"Taritakum. Taritakum."
Nous attendions, depuis San geng, Kim Jee-woon
sur un format plus long, puisque ses deux premiers films sont encore
inédits en France. L'attente était d'autant plus intéressée et curieuse
que Janghwa, Hongryeon a reçu, cette année, deux "Grand prix", dont celui du jury (en moins de deux minutes et à l'unanimité) présidé par Paul Verhoeven, au Festival de Gérardmer. Mais l'édition 2004 de Fantastic'arts n'avait pas la richesse de la précédente qui avait couronné Honogurai mizu no soko kara.
Si le cinquième film du réalisateur asiatique est plutôt efficace dans
le genre horrifique, il déçoit encore, comme nous l'avions déjà souligné
à propos du segment de San geng, en privilégiant exagérément les ambiances au détriment du contenu narratif. L'ombre du grand Hideo Nakata
n'est, encore une fois, pas très loin, mais, plus que de le motiver,
elle semble intimider le jeune cinéaste sud-coréen qui possède néanmoins
une jolie palette technique.
Su-mi et Su-yeon,
deux sœurs très liées, reviennent après une longue absence
convalescente dans la maison familiale, isolée à la campagne. Elles sont
accueillies par Eun-joon, leur belle-mère qu'elles n'apprécient pas. Su-mi la méprise et la défie, alors que Su-yeon,
plus fragile et craintive, préfère l'éviter. La première nuit,
celle-ci, terrorisée, se réfugie dans la chambre de sa grande sœur,
convaincue que quelqu'un a cherché de entrer dans sa chambre pendant
qu'elle dormait. Le malaise croît peu à peu et des événements étranges
se multiplient (les oiseaux de Eun-joon sont retrouvés morts et une
invitée, prise d'une crise d'épilepsie, voit un fantôme de petite fille
sous l'évier). En l'absence d'une intervention énergique du père de
famille, les rapports entre les deux sœurs et leur belle-mère
deviennent de plus en plus cruels et hystériques. S'agit-il de la
réalisation d'une vengeance, d'une intrigue pour éliminer Su-mi ou de phénomènes surnaturels ?
Ce conte populaire coréen de tradition orale, vieux de plusieurs siècles, intitulé "Janghwa Heungryeonjeon" ("Rose rouge et Lotus rouge", du nom des deux jeunes filles), avait déjà été adapté à l'écran au moins à cinq reprises. La version de Kim Jee-woon
joue sur l'association des dimensions psychiatrique et fantastique.

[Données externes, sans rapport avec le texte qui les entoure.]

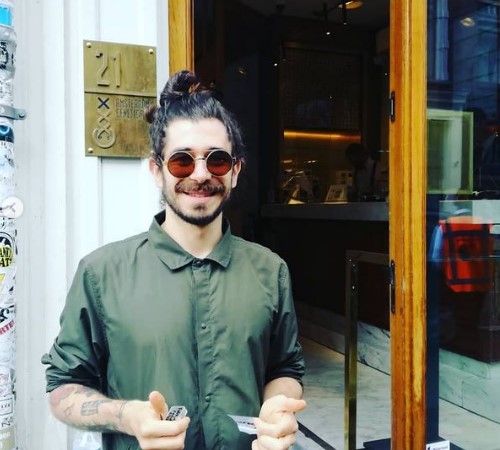 vivere e lavorare in Olanda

Elle peut cependant se voir également, a posteriori, comme un drame
familial ordinaire. Mais à trop brouiller les pistes et en accordant la
prééminence à la forme sur le fond, elle échoue à être un vrai bon film.
Bien sûr, si la narration non linéaire sert l'intrigue et attise, par
le renouvellement successif de sa trame complexe, la curiosité du
spectateur, elle rend l'attente de celui-ci parfois un peu longue et
artificielle. Nous n'apprenons et il ne se passe quasiment rien au cours
de la première moitié du métrage. Huis clos oppressant et inquiétant, Janghwa, Hongryeon vaut surtout pour son traitement visuel et sonore (choix
des décors, des éclairages, des plans et des cadrages souvent inspirés,
bande-son accentuant bruits, cris et basses fréquences) et
l'interprétation des acteurs, en particulier les trois jeunes femmes des
rôles principaux, dont l'expérience n'est pourtant pas très longue.
Signalons, pour terminer, la belle musique, astucieusement décalée, de Lee Byung-woo dont nous avions découvert le talent dans le film d'animation de Lee Seong-kang, Mari iyagi.